Records supplied
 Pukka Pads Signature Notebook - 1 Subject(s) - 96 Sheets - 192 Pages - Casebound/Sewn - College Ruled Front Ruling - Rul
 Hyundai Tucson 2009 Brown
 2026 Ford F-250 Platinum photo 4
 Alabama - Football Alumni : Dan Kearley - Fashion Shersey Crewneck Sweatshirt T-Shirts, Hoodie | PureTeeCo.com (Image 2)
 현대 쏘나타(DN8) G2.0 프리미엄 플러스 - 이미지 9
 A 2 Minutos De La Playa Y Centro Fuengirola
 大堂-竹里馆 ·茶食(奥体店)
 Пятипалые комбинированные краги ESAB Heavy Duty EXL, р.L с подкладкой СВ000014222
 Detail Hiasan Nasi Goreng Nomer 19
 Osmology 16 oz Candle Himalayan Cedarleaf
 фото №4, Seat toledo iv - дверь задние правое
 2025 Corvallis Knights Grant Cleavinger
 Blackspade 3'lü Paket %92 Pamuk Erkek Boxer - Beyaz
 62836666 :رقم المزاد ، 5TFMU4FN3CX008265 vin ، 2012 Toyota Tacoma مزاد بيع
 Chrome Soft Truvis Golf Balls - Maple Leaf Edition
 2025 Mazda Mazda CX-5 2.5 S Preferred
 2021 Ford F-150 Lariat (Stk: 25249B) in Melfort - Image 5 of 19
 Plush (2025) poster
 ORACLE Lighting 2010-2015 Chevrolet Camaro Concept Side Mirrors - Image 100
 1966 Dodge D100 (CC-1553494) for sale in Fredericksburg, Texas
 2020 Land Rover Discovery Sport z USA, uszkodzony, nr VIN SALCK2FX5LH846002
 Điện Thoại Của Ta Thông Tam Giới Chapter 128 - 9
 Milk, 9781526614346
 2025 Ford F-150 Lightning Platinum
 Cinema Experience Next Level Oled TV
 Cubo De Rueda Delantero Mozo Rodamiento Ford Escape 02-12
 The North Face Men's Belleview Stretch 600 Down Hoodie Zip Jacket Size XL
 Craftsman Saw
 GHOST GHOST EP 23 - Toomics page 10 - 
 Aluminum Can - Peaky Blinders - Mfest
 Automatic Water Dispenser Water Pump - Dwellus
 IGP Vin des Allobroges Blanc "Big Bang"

Work to complete
Show all lines in the entries above where the word "Platinum" appears.

Solution to this problem
 2026 Ford F-250 Platinum photo 4
 2025 Ford F-150 Lightning Platinum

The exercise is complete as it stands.